So I want to combine these into a key figure of merit for coding. Again, we did this back in chapter four for a complete constellation. We found the figure of merit by holding the average power fixed for a fixed number of points, m, on a fixed dimension, n, and maximizing the minimum square distance, or, conversely, holding the minimum squared distance fixed and minimizing the average power. So we get some figure of merit that was kind of normalized, and we could just optimize that one thing.
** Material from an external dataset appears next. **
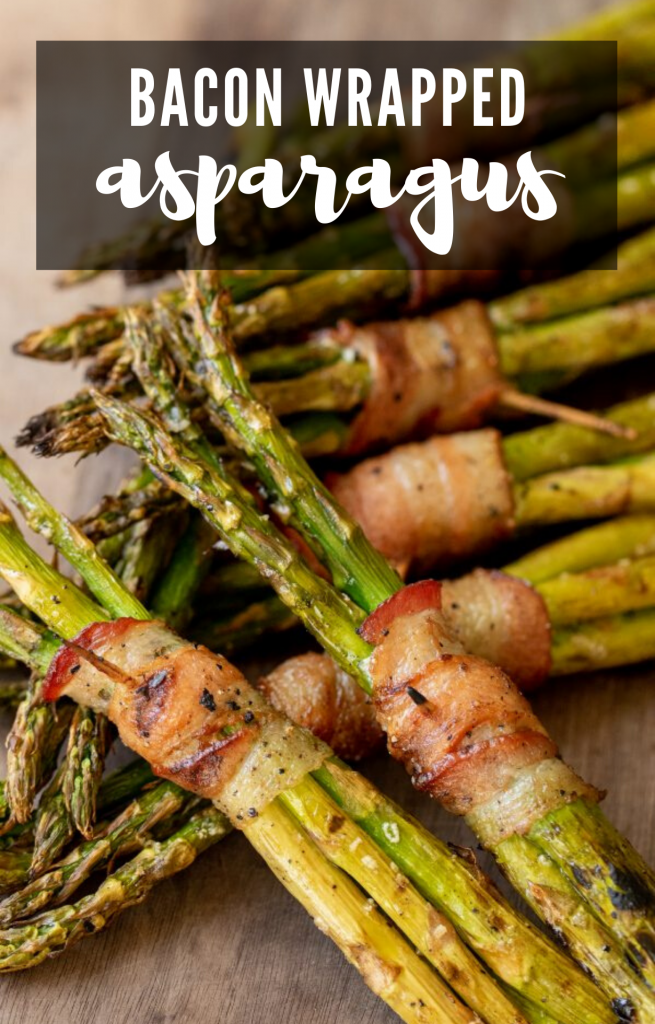 Asparagus clusters wrapped in bacon on top of a wooden cutting board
The key figure of merit was called by 19th-century mathematician, Hermite's parameter, but we are going to call it the nominal coding gain because that's what it's going to turn out to be. And it's just defined as follows. The nominal coding gain of a lattice is just this minimum squared distance, so it goes up as the minimum squared distance. But then we want to normalize this. And the obvious thing to normalize it by, we want something that's going to scale as a two-dimensional quantity. If the lattice was scaled by alpha, then this would go up as alpha squared. So we want something that'll scale in the same way.

And what we choose to normalize it by is the volume of lambda per two dimensions, if you like. So you can see immediately, this is invariant to scaling, that the nominal coding gain of lambda is the same as the nominal coding gain of alpha lambda. Is alpha lambda a lattice, by the way? If lambda's a group, and we have any scale factor alpha greater than 0, then alpha times lambda is also a group. Everything's just multiplied by alpha. So alpha lambda is a lattice.
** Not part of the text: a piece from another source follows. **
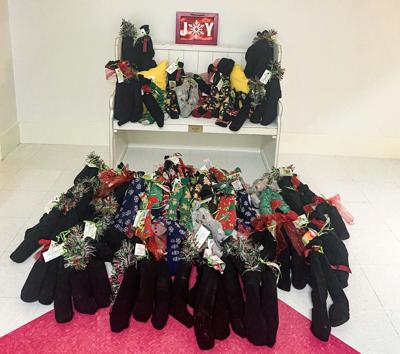 Methodist church donates socks to Russell Medical Cancer Center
And this is actually one of the homework problems. If you scale everything by alpha, d_min-squared goes up by alpha squared. The volume goes up by alpha to the n, for an n-dimensional lattice. But when we take 2 over n, we're going to get back to alpha squared. So alpha c of lambda is alpha c of alpha lambda. So this is what you want. You want a kind of scale-free version of a lattice, because, obviously, when we use this, we're going to feel free to amplify it or compress it any way we want, so we do with QAM.

All right, so this is normalized in that way. We prove in the homework it's also invariant to other things. If you took, say, an orthogonal transformation of this lattice, a rotation, reflection, multiply it by a matrix that doesn't change the scale, think of it geometrically as an orthogonal transformation, is that going to be a lattice? It is going to be a lattice. Everything's just going to have some h out here, times G times Z-squared, and that's still of the form of a lattice. Or call it U for orthogonal, unitary.

So we multiply it by some orthogonal matrix, U. It's still a lattice. If we look in here, orthogonal transformations don't change squared distances. We're not going to change this -- it doesn't matter. Actually, I might. No. It's a rigid rotation, I'm sorry. Everything here stays the same. Hexagonal lattice still is hexagonal lattice, because it's a rigid rotation or reflection geometrically. And the volume clearly stays the same, so none of these things changes. And orthogonal transformation isn't going to change this quantity either.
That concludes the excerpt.